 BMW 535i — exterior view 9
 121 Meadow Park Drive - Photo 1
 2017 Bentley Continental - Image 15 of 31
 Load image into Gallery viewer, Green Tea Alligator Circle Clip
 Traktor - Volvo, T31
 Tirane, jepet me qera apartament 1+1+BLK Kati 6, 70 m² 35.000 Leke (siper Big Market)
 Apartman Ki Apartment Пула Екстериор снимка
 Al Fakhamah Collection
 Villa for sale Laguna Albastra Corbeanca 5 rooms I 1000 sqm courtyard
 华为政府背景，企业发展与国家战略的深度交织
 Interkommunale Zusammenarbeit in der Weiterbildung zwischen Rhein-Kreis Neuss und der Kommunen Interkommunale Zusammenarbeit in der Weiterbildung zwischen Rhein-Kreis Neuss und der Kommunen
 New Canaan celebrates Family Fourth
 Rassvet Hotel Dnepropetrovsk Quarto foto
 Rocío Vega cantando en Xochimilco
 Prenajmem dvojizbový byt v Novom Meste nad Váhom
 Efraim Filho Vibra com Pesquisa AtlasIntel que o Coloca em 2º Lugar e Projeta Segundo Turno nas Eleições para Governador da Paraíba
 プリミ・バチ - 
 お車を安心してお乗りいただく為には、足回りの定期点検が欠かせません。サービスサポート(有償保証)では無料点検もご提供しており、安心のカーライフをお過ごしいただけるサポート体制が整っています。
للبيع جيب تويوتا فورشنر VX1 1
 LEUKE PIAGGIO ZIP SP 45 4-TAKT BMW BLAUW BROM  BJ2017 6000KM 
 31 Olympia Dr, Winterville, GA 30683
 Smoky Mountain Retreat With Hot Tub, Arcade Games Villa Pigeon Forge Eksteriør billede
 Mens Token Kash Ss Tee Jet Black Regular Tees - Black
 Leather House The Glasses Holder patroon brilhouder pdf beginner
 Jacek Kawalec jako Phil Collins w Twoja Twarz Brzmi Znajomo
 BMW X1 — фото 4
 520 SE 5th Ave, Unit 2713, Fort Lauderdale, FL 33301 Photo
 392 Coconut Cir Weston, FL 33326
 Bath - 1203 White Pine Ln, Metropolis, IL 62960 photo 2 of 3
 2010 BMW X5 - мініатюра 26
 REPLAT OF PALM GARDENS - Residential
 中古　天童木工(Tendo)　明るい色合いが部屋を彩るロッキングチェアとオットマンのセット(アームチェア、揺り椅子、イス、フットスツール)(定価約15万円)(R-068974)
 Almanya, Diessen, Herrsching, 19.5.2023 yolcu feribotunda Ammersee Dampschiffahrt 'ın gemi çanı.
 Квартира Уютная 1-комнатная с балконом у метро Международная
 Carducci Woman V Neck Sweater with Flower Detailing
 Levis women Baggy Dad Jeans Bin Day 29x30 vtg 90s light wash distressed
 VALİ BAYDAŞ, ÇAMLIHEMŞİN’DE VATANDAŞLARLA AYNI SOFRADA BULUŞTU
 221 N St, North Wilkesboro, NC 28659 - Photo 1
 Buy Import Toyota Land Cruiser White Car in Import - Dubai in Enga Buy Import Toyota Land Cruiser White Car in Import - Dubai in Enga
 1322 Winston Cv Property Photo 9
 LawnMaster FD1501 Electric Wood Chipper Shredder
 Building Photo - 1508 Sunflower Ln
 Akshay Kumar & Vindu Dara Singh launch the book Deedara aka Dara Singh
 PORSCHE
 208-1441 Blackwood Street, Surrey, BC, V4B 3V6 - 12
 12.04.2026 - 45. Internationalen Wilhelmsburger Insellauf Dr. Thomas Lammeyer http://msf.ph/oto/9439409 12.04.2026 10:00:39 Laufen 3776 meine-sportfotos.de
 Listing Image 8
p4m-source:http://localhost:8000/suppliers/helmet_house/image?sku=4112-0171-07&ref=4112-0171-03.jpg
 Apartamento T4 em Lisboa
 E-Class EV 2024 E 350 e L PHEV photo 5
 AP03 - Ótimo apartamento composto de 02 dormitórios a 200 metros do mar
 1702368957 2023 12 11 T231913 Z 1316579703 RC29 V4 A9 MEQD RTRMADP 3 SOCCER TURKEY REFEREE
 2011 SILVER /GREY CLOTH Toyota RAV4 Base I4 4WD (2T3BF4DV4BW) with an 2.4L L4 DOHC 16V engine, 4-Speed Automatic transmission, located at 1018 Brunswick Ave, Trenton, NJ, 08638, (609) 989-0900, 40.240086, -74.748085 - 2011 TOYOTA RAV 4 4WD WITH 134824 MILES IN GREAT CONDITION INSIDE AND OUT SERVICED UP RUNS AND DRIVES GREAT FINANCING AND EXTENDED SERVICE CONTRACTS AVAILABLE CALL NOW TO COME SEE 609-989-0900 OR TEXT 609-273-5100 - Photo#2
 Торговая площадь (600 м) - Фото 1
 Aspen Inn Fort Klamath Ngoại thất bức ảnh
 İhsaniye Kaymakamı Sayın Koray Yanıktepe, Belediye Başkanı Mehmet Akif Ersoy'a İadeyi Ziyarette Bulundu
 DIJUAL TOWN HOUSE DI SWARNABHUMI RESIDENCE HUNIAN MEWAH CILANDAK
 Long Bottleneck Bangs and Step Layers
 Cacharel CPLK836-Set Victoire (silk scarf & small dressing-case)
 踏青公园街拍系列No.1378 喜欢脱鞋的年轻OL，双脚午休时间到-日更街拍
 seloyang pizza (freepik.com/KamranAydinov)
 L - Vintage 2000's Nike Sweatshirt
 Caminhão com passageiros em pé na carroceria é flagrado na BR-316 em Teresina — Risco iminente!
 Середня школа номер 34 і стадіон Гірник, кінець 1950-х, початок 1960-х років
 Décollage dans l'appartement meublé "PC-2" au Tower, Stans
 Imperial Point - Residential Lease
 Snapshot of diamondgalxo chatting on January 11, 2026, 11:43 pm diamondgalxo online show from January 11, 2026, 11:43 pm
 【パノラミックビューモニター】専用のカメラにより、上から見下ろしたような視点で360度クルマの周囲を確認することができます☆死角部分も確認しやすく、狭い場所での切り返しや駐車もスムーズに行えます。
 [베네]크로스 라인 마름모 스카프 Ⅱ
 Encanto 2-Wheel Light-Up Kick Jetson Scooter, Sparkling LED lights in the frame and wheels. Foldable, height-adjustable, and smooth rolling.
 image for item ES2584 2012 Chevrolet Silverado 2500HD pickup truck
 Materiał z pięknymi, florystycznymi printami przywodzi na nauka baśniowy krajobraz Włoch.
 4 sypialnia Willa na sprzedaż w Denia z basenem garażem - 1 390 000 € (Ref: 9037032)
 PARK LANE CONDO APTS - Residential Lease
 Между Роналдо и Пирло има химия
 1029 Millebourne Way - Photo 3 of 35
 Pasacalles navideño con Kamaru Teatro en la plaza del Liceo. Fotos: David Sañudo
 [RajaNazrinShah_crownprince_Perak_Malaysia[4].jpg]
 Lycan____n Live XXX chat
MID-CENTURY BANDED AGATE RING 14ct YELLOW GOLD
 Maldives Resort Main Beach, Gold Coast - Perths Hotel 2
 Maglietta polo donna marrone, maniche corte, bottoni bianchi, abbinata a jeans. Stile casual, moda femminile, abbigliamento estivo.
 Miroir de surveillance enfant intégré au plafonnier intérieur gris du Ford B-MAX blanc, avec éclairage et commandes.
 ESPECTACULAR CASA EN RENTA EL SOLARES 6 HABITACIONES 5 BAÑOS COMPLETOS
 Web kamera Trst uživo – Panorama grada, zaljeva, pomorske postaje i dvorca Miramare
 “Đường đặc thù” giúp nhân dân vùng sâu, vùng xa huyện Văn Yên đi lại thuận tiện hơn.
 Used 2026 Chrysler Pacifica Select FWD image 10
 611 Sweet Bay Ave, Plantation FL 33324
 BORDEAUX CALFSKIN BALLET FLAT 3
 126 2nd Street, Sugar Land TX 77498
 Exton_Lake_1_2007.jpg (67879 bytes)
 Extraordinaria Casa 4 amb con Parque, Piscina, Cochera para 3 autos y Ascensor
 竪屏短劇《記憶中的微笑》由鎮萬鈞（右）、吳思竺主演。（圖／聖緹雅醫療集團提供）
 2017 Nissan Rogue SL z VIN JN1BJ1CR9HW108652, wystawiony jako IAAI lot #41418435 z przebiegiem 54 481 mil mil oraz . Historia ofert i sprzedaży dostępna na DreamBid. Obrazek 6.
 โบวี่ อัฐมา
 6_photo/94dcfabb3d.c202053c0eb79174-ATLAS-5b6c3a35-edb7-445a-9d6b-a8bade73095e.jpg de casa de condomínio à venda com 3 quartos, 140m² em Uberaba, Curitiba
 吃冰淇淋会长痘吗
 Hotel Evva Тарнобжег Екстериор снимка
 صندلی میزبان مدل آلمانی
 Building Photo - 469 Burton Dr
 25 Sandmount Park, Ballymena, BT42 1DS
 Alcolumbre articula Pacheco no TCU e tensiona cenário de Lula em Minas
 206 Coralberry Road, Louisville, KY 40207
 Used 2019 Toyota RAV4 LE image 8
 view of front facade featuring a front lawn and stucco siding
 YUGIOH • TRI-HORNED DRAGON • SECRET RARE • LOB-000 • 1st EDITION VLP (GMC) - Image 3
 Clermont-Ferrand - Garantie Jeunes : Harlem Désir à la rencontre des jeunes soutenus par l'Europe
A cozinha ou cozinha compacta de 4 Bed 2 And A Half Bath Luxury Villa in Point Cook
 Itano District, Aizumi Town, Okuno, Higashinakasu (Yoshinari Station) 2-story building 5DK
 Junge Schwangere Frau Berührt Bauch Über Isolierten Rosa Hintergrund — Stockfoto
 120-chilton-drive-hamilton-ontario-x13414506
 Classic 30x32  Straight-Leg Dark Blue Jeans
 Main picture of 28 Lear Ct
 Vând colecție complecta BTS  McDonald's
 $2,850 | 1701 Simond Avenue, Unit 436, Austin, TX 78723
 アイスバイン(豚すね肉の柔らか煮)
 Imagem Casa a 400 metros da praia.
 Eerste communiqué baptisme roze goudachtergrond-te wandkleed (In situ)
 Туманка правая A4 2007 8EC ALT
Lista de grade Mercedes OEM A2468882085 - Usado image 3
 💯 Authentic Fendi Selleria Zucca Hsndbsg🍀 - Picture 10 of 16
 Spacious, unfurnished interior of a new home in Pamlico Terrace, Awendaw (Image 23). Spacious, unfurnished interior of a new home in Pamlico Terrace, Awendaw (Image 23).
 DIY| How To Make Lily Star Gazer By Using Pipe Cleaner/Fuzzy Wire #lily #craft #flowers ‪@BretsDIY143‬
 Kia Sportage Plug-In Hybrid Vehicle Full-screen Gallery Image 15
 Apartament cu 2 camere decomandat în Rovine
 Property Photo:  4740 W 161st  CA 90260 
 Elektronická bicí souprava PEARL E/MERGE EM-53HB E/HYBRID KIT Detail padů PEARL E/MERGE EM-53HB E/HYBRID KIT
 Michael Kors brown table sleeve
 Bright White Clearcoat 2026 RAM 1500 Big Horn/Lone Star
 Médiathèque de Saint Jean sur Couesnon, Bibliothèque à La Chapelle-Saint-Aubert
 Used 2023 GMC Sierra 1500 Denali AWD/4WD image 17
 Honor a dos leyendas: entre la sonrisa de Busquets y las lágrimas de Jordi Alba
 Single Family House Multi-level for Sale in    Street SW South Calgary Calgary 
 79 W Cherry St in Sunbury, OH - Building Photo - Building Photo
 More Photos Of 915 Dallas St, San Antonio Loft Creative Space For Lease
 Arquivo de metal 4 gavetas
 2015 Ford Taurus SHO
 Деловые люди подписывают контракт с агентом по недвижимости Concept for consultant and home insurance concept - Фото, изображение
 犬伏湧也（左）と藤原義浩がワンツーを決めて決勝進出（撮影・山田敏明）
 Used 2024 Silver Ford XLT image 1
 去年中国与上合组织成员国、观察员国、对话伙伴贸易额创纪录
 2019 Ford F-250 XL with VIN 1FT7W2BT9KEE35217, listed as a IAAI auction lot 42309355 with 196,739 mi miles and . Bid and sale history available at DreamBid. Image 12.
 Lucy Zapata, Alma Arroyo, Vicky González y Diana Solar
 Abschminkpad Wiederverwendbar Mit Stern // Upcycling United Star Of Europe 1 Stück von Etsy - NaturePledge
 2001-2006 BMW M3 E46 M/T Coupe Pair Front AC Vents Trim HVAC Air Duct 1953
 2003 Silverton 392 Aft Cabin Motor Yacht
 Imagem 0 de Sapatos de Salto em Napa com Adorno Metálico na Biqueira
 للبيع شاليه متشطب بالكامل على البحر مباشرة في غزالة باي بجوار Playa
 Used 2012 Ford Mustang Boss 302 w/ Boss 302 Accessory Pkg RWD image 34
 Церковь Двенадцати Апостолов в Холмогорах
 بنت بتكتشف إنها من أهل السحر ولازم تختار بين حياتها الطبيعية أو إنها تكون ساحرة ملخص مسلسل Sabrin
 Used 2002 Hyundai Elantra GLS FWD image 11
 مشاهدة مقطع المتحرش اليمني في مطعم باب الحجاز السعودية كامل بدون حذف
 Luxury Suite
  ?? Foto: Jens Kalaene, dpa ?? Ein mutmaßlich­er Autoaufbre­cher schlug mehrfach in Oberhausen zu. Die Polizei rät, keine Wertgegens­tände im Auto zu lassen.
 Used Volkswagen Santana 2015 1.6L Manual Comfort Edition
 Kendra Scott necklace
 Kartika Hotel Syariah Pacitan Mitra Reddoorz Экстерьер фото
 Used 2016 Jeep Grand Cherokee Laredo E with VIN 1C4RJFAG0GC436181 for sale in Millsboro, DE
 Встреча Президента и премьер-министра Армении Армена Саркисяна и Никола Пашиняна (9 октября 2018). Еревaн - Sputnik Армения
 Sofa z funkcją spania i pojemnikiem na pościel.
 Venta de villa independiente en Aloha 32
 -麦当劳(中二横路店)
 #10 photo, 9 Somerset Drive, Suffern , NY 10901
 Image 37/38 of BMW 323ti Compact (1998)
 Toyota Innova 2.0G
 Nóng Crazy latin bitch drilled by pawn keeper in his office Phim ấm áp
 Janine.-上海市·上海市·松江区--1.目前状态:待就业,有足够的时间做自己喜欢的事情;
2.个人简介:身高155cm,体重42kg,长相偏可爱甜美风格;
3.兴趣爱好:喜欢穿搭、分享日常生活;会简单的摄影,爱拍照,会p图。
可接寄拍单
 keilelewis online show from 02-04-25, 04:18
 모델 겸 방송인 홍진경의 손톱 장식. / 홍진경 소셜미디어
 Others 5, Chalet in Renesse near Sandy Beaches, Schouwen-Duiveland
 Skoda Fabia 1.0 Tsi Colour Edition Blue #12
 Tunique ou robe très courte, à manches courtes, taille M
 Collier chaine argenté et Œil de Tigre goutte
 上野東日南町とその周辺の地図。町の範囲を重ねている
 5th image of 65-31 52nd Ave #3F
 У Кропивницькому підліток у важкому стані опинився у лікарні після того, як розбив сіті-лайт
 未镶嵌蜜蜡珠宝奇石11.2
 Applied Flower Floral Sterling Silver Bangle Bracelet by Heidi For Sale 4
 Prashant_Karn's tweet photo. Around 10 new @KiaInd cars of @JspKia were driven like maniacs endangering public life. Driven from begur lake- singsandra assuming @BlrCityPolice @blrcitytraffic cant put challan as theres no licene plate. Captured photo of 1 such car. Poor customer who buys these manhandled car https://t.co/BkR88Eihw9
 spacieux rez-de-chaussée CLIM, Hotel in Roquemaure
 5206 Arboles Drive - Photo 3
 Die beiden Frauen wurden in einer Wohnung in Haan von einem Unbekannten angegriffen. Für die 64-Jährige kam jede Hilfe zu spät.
◆ ◆ ◆ ◆ ◆ ◆ ◆
For the lines above, output exactly those from the line containing "Hotel Evva Тарнобжег Екстериор снимка" through the line containing "YUGIOH • TRI-HORNED", and skip the others.

_RESPONSE TO THE EXERCISE_
 Hotel Evva Тарнобжег Екстериор снимка
 صندلی میزبان مدل آلمانی
 Building Photo - 469 Burton Dr
 25 Sandmount Park, Ballymena, BT42 1DS
 Alcolumbre articula Pacheco no TCU e tensiona cenário de Lula em Minas
 206 Coralberry Road, Louisville, KY 40207
 Used 2019 Toyota RAV4 LE image 8
 view of front facade featuring a front lawn and stucco siding
 YUGIOH • TRI-HORNED DRAGON • SECRET RARE • LOB-000 • 1st EDITION VLP (GMC) - Image 3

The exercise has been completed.